Zegar na stoliku wyświetlał na czerwono trzecią w nocy, deszcz za
oknami, miarowo uderzał w żelazny parapet a wiatr kołysał gołymi jeszcze
gałęziami. Nina wrzuciła do walizki ostatnią sztukę odzieży, po czym
zamknęła ją i zasunęła zamek. Przed domem rozległ się klakson czekającej
już czarnej,londyńskiej taksówki. Dziewczyna jeszcze raz ogarnęła
wzrokiem małe mieszkanko przy Harley Street 7, gdzie przyszło jej
mieszkać przez dziewięć miesięcy, po tym jak wróciła do Warszawy z
Truskolasów.
Przepłakawszy kilka dni, za namową Anki postanowiła zawiesić tymczasowo pracę w PZPNie i wrócić do Londynu, w którym spędziła większą część życia. Ojciec nie zrozumiał przyczyn jej wyjazdu, tylko Anka, Lewy i po części wtajemniczony Wasyl, byli w stanie zrozumieć jej motywację. PZPN odtrąbił zwycięstwo, Kuba wrócił do reprezentacji przejmując opaskę kapitana. Borussia również przyjęła go z otwartymi ramionami. Jurgen Klopp wydał dla swojego „KUBY” przyjęcie, na którym stawili się wszyscy pracownicy, piłkarze i trenerzy klubu.

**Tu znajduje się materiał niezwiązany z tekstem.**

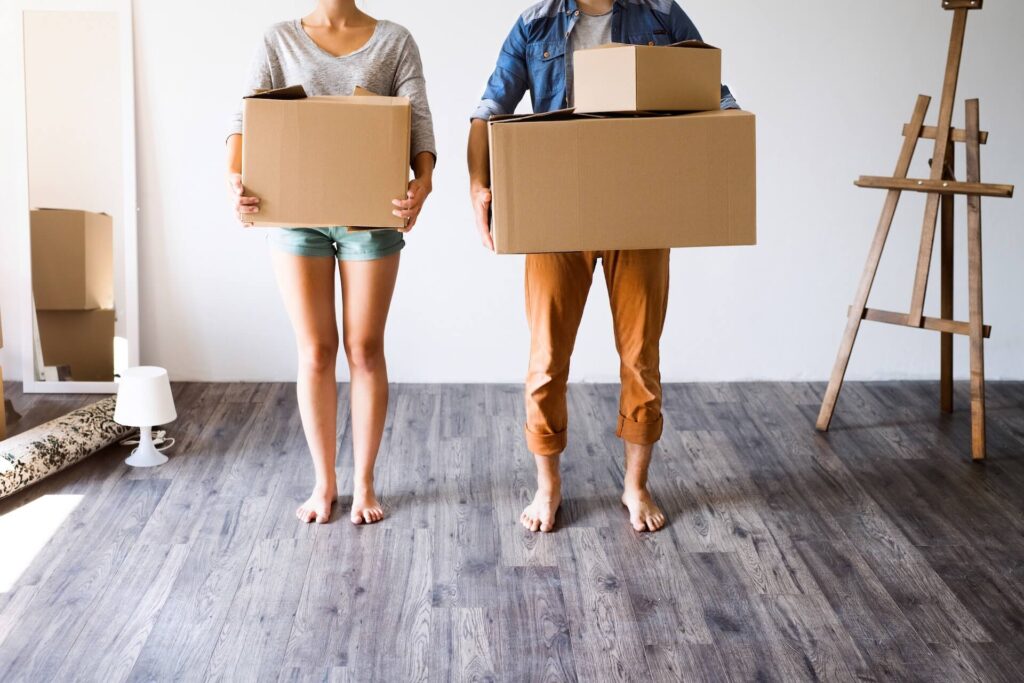 Couple holding boxes while packing for cross-country moving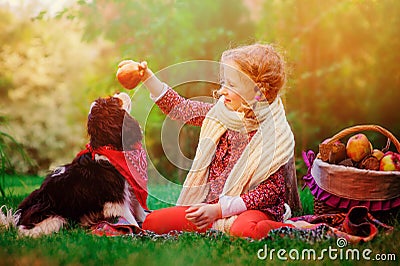 Happy child girl training her dog and giving him apple in sunny autumn garden Stock Photo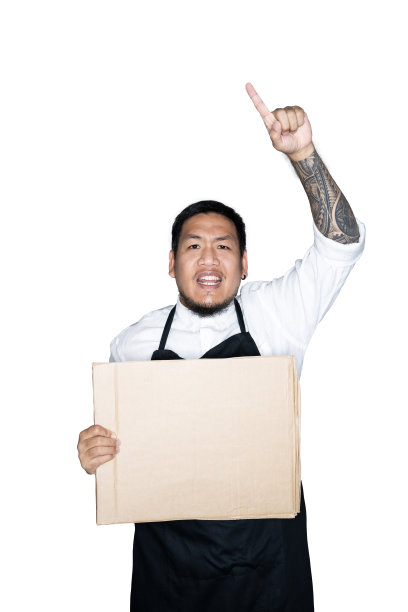留着胡子的亚洲男侍者、穿着黑色围裙的厨师正拿着纸板，在白色的背景下伸出手指。抗议、注意、要求的概念。放置文本或复制空间。剪切路径。图片下载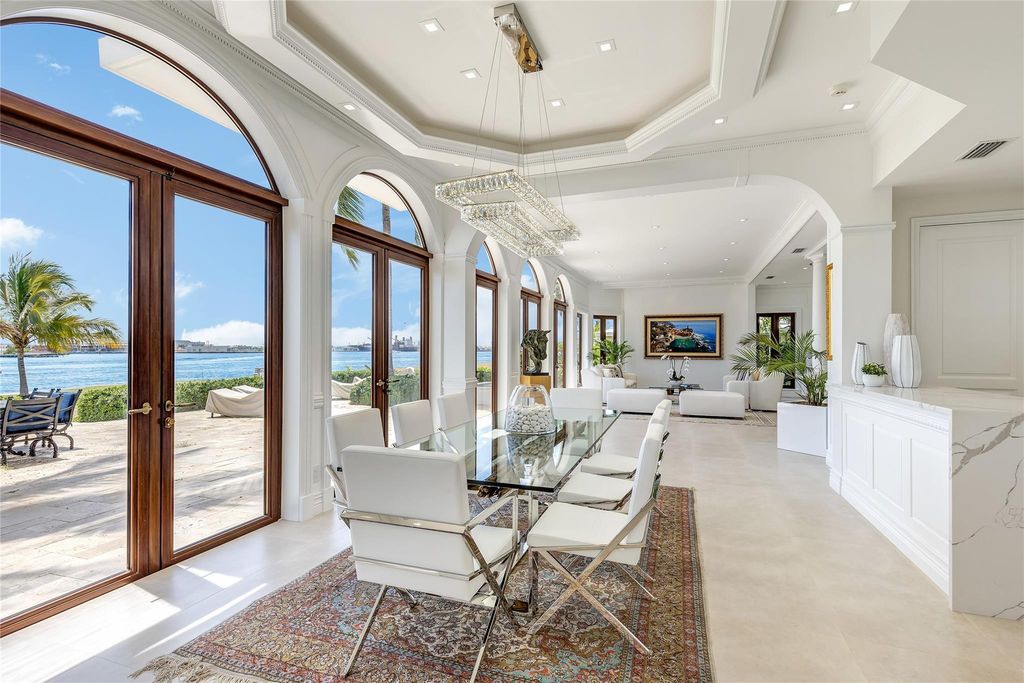 Wake up to mesmerizing ocean panoramas in this custom-built masterpiece. Graciously perched on the Port Everglades Ship Channel, this estate offers opulent living, endless entertainment, and the ultimate waterfront lifestyle.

Błaszczykowski motywowany chęcią pokazania na co go stać, zaczął sezon 2013/2014 od mocnego wejścia, nikt nie pamiętał już o tym jak kontuzja wykluczyła go z gry na niemalże rok.
Przyjaźń z Lewym ochłodziła się znacząco. Od Łukasza Piszczka, trzeciego członu„Trójcy z Dortmundu” dowiedział się, gdzie Lewandowski lata, gdy akurat ma wolne i bynajmniej nie było to rodzinne Leszno.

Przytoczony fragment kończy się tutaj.